And the tumult began. Again.
My office is directly below the kitchen and the din sent me to the tool shed for the ear protection I wear when using the leaf blower. Sawing and banging rattled the walls, knocked the glass shade off a ceiling fixture in the basement and set all the pictures askew. The Inner Sanctum of My Dear One at the other end of the second floor wasn’t quiet—but it was tolerable.
Foraging for Food
A plastic shroud wrapping cupboards, counters and drawers made it impossible to make meals. We discovered the nearby Panera had excellent cinnamon buns. Lunch and dinner were bought wherever.
Getting from my office to the car or our bedroom or pretty much anywhere above the basement level got complicated. I had to detour out the back door, traipse across the patio, trot up the steps to the driveway, and enter by the kitchen door. If my destination was the bedroom, then I continued past the garage to the front door and on up the stairs.
They had reserved five days for the job. Thank heavens it only took four. Friday was the day Kevin the freezer guy came back with the needed part and worked his magic so we could get to work rebuilding the larder.
Two weeks later Mike the Plumber performed the annual check up of our things that use water and we did not receive a clean bill of health.

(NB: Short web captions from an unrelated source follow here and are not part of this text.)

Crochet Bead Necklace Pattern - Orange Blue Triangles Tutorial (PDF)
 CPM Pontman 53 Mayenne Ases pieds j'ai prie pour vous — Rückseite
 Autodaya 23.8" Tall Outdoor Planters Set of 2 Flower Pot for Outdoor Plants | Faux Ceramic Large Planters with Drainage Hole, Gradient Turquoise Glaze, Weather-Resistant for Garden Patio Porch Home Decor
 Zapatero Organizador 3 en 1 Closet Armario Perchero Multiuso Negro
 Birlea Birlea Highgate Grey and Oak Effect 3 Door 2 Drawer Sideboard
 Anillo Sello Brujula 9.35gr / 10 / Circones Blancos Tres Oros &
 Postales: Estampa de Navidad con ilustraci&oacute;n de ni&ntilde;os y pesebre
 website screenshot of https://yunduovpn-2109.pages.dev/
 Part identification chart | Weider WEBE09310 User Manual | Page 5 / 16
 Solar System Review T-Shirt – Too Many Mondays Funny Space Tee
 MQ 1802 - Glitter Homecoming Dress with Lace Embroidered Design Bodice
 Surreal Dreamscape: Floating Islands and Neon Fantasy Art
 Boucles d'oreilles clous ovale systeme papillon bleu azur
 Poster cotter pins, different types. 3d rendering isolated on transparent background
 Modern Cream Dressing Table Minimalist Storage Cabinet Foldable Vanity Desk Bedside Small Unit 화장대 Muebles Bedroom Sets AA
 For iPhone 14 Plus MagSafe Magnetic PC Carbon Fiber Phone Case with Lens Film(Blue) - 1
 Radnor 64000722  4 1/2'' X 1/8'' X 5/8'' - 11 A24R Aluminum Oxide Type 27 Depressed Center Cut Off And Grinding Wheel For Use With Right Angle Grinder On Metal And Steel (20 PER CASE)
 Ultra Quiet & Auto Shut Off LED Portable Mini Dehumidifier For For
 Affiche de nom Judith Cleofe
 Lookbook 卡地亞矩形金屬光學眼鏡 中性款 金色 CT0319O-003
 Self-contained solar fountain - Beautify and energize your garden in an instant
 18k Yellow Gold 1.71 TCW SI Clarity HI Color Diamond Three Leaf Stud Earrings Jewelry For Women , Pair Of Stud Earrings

He expected to replace a couple of bolts on new toilets, just because. Then the problems piled up as did the list of charges on the work ticket. The mixing valve on the shower in the master bath needed replacement. The toilet in the master bath was damaged and the drain on the righthand sink was about to croak. On the main level, the kitchen sink needed a new faucet as the old one was both leaky and generally unsatisfactory. Once under the sink, Mike determined that the connections to the water supply were also leaking. More labor. More parts, More costs.
The bill is going to be north of $2,500 but Mike’s a charmer and made his clipboard out of wood from a beech tree he felled and lumber he planed himself. What’s not to love?
Oh, and we replaced the roof in the summer of 2020. Can’t wait to see what piece of home gives out next.